Records from a dataset
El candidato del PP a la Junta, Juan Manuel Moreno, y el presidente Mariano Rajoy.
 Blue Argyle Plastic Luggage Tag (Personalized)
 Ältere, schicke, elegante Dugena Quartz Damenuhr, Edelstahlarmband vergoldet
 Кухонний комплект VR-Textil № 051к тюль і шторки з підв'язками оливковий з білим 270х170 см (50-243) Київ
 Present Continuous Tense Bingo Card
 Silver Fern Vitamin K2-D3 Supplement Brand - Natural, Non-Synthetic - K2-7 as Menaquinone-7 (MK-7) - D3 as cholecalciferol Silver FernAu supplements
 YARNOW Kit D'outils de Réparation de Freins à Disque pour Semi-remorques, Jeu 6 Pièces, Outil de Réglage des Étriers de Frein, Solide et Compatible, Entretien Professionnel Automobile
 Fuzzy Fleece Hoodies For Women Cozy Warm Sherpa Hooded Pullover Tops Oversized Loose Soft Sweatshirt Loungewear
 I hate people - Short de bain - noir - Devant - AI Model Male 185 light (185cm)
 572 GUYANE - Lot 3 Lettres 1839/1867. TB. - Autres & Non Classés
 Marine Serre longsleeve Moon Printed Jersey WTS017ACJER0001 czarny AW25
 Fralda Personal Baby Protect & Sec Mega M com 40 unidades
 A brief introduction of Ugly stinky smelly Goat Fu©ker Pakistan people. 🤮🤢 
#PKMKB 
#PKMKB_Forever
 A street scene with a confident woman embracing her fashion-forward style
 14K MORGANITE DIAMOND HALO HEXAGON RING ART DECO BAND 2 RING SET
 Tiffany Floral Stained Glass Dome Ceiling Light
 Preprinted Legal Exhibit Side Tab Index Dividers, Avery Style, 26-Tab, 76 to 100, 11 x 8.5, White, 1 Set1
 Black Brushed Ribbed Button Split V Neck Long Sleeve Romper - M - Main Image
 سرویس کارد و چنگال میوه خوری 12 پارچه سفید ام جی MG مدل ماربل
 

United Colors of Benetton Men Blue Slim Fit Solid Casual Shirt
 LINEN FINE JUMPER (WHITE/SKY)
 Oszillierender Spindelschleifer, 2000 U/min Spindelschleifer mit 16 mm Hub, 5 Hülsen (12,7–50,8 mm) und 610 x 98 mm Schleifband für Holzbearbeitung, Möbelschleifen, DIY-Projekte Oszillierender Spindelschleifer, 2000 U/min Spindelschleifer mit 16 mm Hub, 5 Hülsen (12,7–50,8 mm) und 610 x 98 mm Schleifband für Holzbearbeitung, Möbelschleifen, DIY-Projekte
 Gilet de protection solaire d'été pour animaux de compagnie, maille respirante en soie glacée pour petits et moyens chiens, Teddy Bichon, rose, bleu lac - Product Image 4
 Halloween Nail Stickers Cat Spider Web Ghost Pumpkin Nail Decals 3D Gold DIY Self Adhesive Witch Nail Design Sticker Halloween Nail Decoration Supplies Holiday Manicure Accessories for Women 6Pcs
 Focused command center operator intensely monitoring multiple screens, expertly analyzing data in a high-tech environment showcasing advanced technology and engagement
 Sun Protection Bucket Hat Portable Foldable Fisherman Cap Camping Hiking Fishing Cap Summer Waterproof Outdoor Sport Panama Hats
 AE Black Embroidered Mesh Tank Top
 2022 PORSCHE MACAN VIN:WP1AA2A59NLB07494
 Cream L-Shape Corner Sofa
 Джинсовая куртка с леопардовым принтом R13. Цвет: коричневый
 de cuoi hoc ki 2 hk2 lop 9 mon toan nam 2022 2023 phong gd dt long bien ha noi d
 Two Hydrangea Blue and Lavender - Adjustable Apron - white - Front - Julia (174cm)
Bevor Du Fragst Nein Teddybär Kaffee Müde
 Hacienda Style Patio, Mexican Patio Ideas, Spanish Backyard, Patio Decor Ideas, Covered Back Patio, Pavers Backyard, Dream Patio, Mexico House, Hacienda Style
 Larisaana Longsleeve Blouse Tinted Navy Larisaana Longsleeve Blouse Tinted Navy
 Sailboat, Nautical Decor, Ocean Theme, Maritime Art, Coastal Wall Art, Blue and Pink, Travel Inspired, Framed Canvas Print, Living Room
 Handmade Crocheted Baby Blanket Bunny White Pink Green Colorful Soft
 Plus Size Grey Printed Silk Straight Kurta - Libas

# AIM OF THE EXERCISE:
Above are the records; print exactly the lines from the line with "14K MORGANITE DIAMOND" to the line with "سرویس کارد و", including both, and nothing else.

# ANSWER:
 14K MORGANITE DIAMOND HALO HEXAGON RING ART DECO BAND 2 RING SET
 Tiffany Floral Stained Glass Dome Ceiling Light
 Preprinted Legal Exhibit Side Tab Index Dividers, Avery Style, 26-Tab, 76 to 100, 11 x 8.5, White, 1 Set1
 Black Brushed Ribbed Button Split V Neck Long Sleeve Romper - M - Main Image
 سرویس کارد و چنگال میوه خوری 12 پارچه سفید ام جی MG مدل ماربل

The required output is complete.